Reputation: 657
Hi i have line where i want to replace tab in double quotes. I have wrote script for that but it is not working as I want. My line:
Q3U962 Mus musculus MRMP-mouse Optimization "MRMP-mouse "
My script:
for repline in reppepdata:
findtorep=re.findall(r"['\"](.*?)['\"]", repline)
if len(findtorep) >0:
for repitem in findtorep:
repchar =repitem
repchar=repchar.replace('\t', '')
My output should be:
Q3U962 Mus musculus MRMP-mouse Optimization "MRMP-mouse"
But I am getting like this:
Q3U962 Mus musculus MRMP-mouseOptimization "MRMP-mouse"
Words are separated by tab delimiter here.
Q3U962\tMus musculus\tMRMP-mouse\tOptimization \t"MRMP-mouse\t"
Anyone has any idea how to do it?
Upvotes: 1
Views: 474
Reputation: 626748
NOTE: This answer assumes (it is confirmed by OP) that there are no escaped quotes/sequences in the input.

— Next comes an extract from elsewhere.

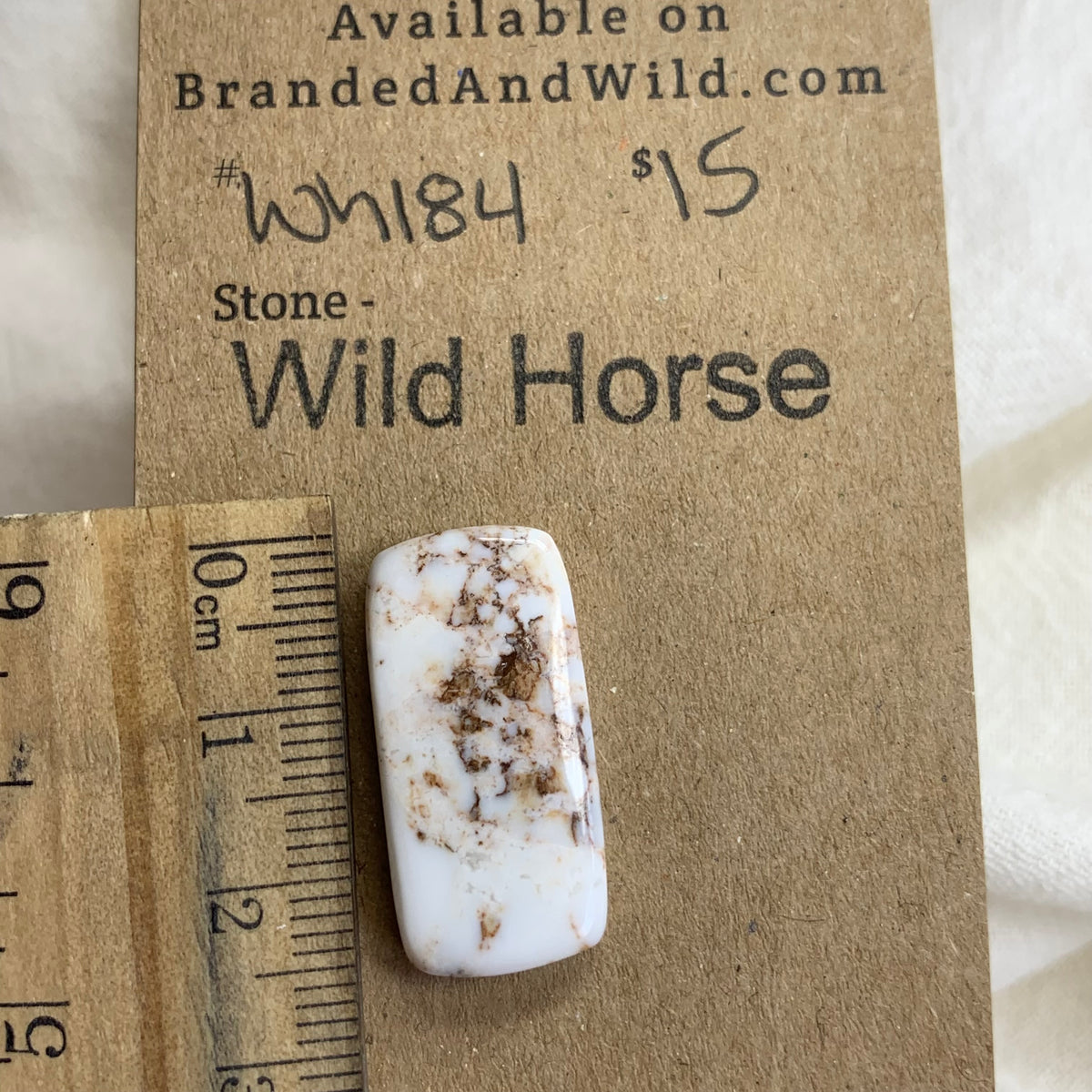 Wild Horse Cabochon - WH184 92CDCF61-4EF1-42AF-85FF-F328626073A0 Brandedandwild.com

You may match the quoted string with a simple "[^"]+"
regex that matches a "
, 1+ chars other than "
and a "
, and replace the tabs inside within a lambda:
import re
s = 'Q3U96 Mus musculu MRMP-mous Optimizatio "MRMP-mouse "'
res = re.sub(r'"[^"]+"', lambda m: m.group(0).replace("\t", ""), s)
print(res)
See the Python demo
Upvotes: 1